From the comparison above, our top three models performed very well on our training and test set. However, none of the models were able to capture all the bots when applied to external data scraped from the Twitter API. Even for complex models using more than 1000 features like the Botometer, there is still some misclassification. This is likely because the Botometer is more conservative in its predictions. Our best models were the random forest and stacking models, which performed very well at bot detection despite using fewer features than the Botometer. Whilst adding NLP-related features improved the training and test accuracy significantly, the models with NLP features were less effective at identifying bots in our scraped data set. This is likely because the NLP features in our test differed systematically from that in our scraped data set.

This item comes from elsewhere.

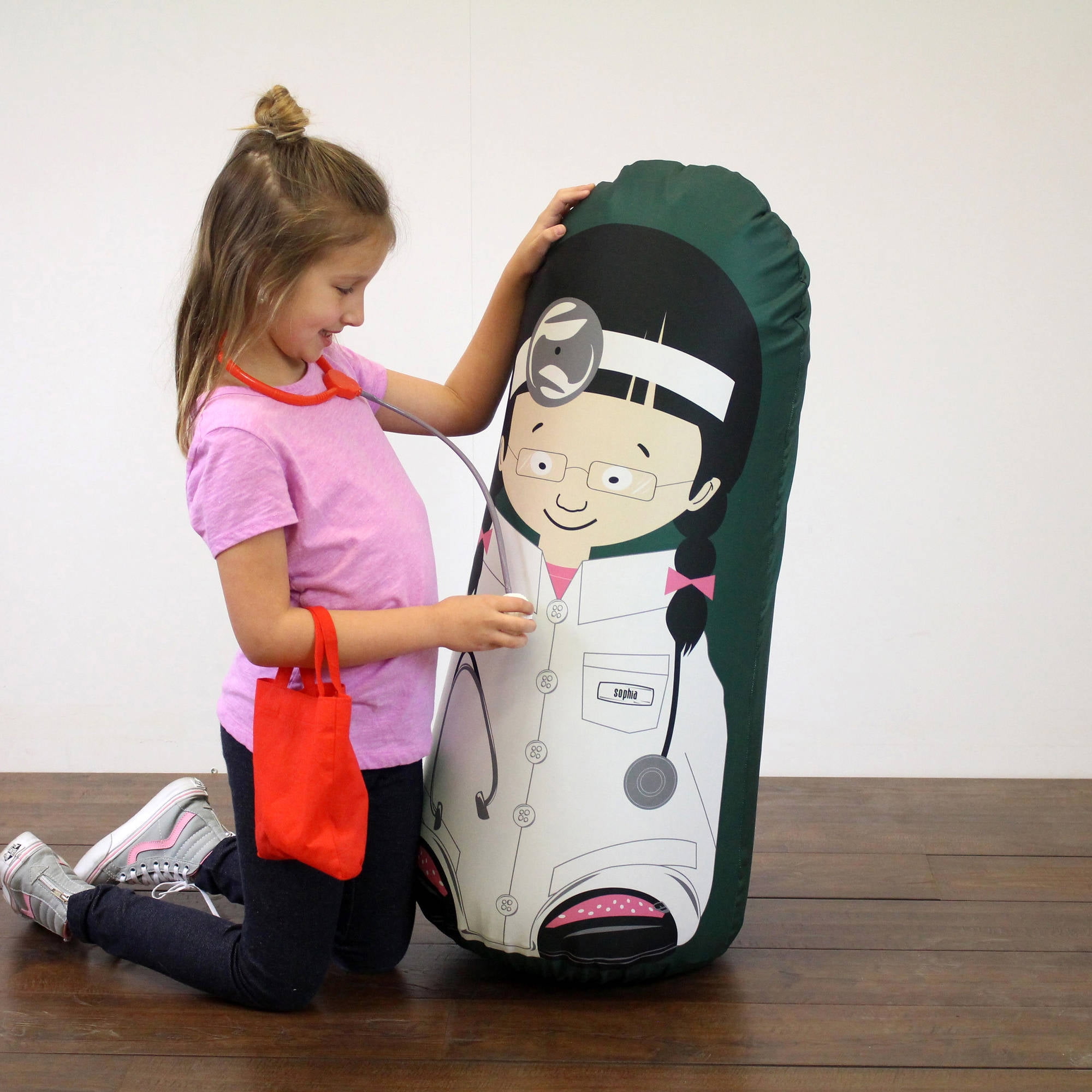 Kid Tough Fitness Inflatable Free-Standing Punching Bag + Machine Washable Fabric Cover Doctor Sophia Kids Workout Buddy... by Pueri Elemental LLC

In summary, bot detection is not a trivial task and it is difficult to evaluate the performance of our bot detection algorithms due to the lack of certainty about real users scraped from the Twitter API. Even humans cannot achieve perfect accuracy in bot detection. That said, the models we developed over the course of this project were able to detect bots with a high accuracy. They even had comparable performance to well-developed models from industry trained on datasets ten times the size of ours and with more than 1000 features. Adding NLP-related features to our models significantly improved their accuracy on our test set. However, we were most effective at bot detection on an unseen data set using only user-based features. With more time, we would train our NLP models on a larger diversity of bots and users to allow for stronger fingerprinting of bots versus legitimate users.

Future Work

Recommendations for future improvements include:

  • Network features
  • Tweet timing entropy
  • Train and test models on larger datasets
  • Study tweet time series evolution with recurrent neural networks
  • Streaming bot detection
  • Develop a generative adversarial network to develop a bot capable of fooling bot detection algorithms
  • Model influence of bots on trending topics

References

[1] Varol, O., Ferrara, E., Davis, C. A., Menczer, F., & Flammini, A. (2017). Online human-bot interactions: Detection, estimation, and characterization. arXiv preprint arXiv:1703.03107.